Nicht ortsansässige Betroffene, deren Person und Aufenthalt bekannt sind oder sich innerhalb angemessener Frist ermitteln lassen, sollen auf Veranlassung der Anhörungsbehörde von der Auslegung mit dem Hinweis nach Satz 2 benachrichtigt werden.

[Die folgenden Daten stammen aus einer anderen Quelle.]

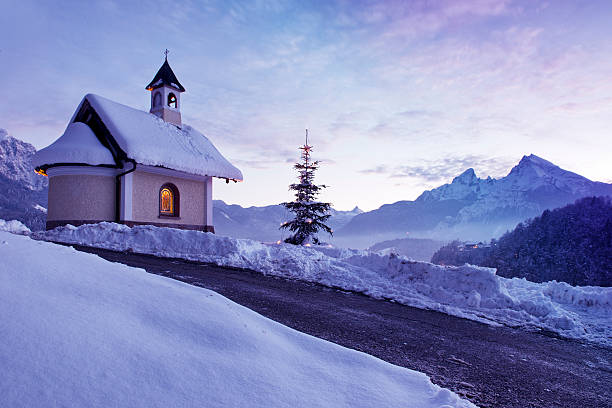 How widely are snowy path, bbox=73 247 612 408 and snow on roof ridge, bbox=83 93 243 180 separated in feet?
31.1

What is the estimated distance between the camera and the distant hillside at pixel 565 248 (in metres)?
55.3

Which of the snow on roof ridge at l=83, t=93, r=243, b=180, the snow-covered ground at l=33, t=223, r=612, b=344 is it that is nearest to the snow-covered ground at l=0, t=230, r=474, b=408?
the snow-covered ground at l=33, t=223, r=612, b=344

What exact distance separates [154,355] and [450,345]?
4.25 metres

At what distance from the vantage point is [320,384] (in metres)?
2.77

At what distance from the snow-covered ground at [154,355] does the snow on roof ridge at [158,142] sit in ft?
43.6

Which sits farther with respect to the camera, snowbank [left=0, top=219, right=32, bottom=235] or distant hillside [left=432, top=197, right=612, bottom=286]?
distant hillside [left=432, top=197, right=612, bottom=286]

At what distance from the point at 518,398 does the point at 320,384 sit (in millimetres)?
2197

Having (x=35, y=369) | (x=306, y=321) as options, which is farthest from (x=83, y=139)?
(x=35, y=369)

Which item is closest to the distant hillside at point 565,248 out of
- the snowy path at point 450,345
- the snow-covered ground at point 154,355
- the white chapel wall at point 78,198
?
the snowy path at point 450,345

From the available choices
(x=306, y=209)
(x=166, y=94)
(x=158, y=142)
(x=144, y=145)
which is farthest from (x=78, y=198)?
(x=306, y=209)

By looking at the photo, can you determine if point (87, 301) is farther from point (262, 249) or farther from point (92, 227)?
point (92, 227)

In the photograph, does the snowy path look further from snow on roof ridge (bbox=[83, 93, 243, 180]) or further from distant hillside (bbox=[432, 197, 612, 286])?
distant hillside (bbox=[432, 197, 612, 286])

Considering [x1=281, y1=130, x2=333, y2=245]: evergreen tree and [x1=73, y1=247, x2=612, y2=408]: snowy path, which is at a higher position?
[x1=281, y1=130, x2=333, y2=245]: evergreen tree

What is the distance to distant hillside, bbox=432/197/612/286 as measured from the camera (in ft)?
181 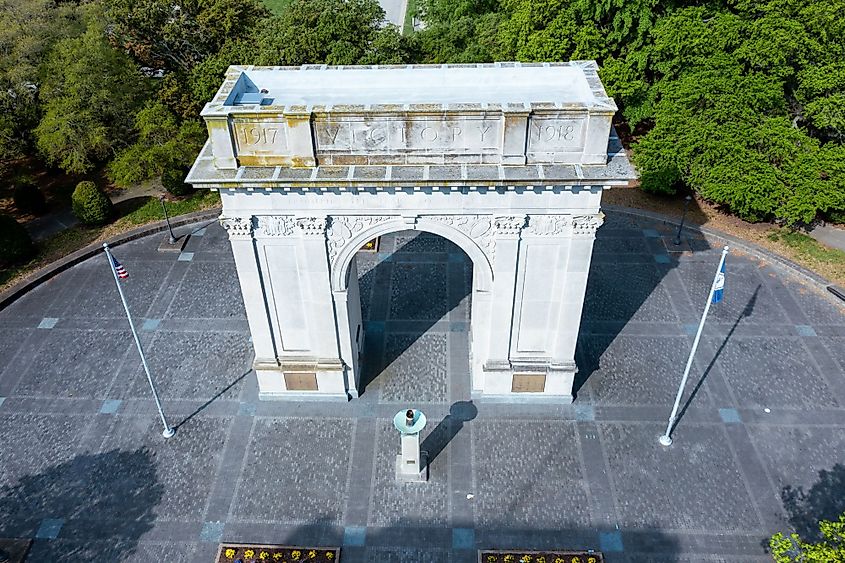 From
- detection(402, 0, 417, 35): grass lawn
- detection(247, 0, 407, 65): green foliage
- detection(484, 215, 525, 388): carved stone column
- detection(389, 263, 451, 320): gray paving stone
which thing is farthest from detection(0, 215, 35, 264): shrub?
detection(402, 0, 417, 35): grass lawn

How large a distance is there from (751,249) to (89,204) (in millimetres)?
39933

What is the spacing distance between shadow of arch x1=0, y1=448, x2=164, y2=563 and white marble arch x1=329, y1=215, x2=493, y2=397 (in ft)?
29.9

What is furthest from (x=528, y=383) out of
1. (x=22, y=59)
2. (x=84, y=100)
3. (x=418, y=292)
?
(x=22, y=59)

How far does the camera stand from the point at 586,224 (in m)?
22.9

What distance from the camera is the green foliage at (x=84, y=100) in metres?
38.9

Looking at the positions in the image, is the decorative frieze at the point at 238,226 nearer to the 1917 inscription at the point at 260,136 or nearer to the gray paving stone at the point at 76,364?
the 1917 inscription at the point at 260,136

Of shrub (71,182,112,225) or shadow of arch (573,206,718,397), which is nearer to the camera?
shadow of arch (573,206,718,397)

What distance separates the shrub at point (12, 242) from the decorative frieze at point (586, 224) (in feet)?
105

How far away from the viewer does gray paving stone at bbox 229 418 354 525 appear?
78.7 feet

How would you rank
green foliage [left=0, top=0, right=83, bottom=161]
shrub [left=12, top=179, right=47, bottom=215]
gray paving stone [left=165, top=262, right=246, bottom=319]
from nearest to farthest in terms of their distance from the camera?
gray paving stone [left=165, top=262, right=246, bottom=319] < green foliage [left=0, top=0, right=83, bottom=161] < shrub [left=12, top=179, right=47, bottom=215]

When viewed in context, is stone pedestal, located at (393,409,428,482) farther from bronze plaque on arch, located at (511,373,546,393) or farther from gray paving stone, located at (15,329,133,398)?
gray paving stone, located at (15,329,133,398)

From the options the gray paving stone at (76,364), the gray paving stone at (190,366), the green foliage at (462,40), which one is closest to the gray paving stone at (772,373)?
the gray paving stone at (190,366)

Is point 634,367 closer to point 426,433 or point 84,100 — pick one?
point 426,433

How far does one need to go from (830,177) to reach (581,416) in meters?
20.2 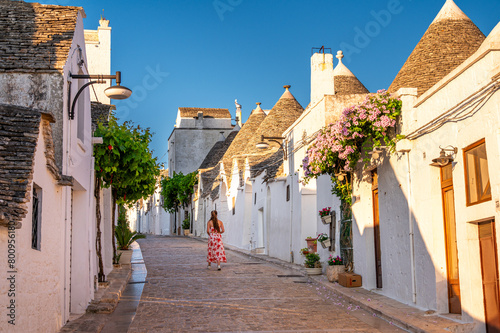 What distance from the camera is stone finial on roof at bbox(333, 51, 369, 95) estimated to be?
2181 centimetres

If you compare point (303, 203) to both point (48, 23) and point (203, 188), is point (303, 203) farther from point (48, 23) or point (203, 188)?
point (203, 188)

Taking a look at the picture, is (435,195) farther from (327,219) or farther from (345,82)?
(345,82)

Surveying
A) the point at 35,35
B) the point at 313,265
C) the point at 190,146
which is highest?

(6) Nach Ablauf der Einwendungsfrist hat die Anhörungsbehörde die rechtzeitig gegen den Plan erhobenen Einwendungen, die rechtzeitig abgegebenen Stellungnahmen von Vereinigungen nach Absatz 4 Satz 5 sowie die Stellungnahmen der Behörden zu dem Plan mit dem Träger des Vorhabens, den Behörden, den Betroffenen sowie denjenigen, die Einwendungen erhoben oder Stellungnahmen abgegeben haben, zu erörtern. Der Erörterungstermin ist mindestens eine Woche vorher ortsüblich bekannt zu machen. Die Behörden, der Träger des Vorhabens und diejenigen, die Einwendungen erhoben oder Stellungnahmen abgegeben haben, sind von dem Erörterungstermin zu benachrichtigen. Sind außer der Benachrichtigung der Behörden und des Trägers des Vorhabens mehr als 50 Benachrichtigungen vorzunehmen, so können diese Benachrichtigungen durch öffentliche Bekanntmachung ersetzt werden. Die öffentliche Bekanntmachung wird dadurch bewirkt, dass abweichend von Satz 2 der Erörterungstermin im amtlichen Veröffentlichungsblatt der Anhörungsbehörde und außerdem in örtlichen Tageszeitungen bekannt gemacht wird, die in dem Bereich verbreitet sind, in dem sich das Vorhaben voraussichtlich auswirken wird; maßgebend für die Frist nach Satz 2 ist die Bekanntgabe im amtlichen Veröffentlichungsblatt. Im Übrigen gelten für die Erörterung die Vorschriften über die mündliche Verhandlung im förmlichen Verwaltungsverfahren (§ 67 Abs. 1 Satz 3, Abs. 2 Nr. 1 und 4 und Abs. 3, § 68) entsprechend. Die Anhörungsbehörde schließt die Erörterung innerhalb von drei Monaten nach Ablauf der Einwendungsfrist ab.

(7) Abweichend von den Vorschriften des Absatzes 6 Satz 2 bis 5 kann der Erörterungstermin bereits in der Bekanntmachung nach Absatz 5 Satz 2 bestimmt werden.

(8) Soll ein ausgelegter Plan geändert werden und werden dadurch der Aufgabenbereich einer Behörde oder einer Vereinigung nach Absatz 4 Satz 5 oder Belange Dritter erstmals oder stärker als bisher berührt, so ist diesen die Änderung mitzuteilen und ihnen Gelegenheit zu Stellungnahmen und Einwendungen innerhalb von zwei Wochen zu geben; Absatz 4 Satz 3 bis 6 gilt entsprechend. Wird sich die Änderung voraussichtlich auf das Gebiet einer anderen Gemeinde auswirken, so ist der geänderte Plan in dieser Gemeinde auszulegen; die Absätze 2 bis 6 gelten entsprechend.

(9) Die Anhörungsbehörde gibt zum Ergebnis des Anhörungsverfahrens eine Stellungnahme ab und leitet diese der Planfeststellungsbehörde innerhalb eines Monats nach Abschluss der Erörterung mit dem Plan, den Stellungnahmen der Behörden und der Vereinigungen nach Absatz 4 Satz 5 sowie den nicht erledigten Einwendungen zu.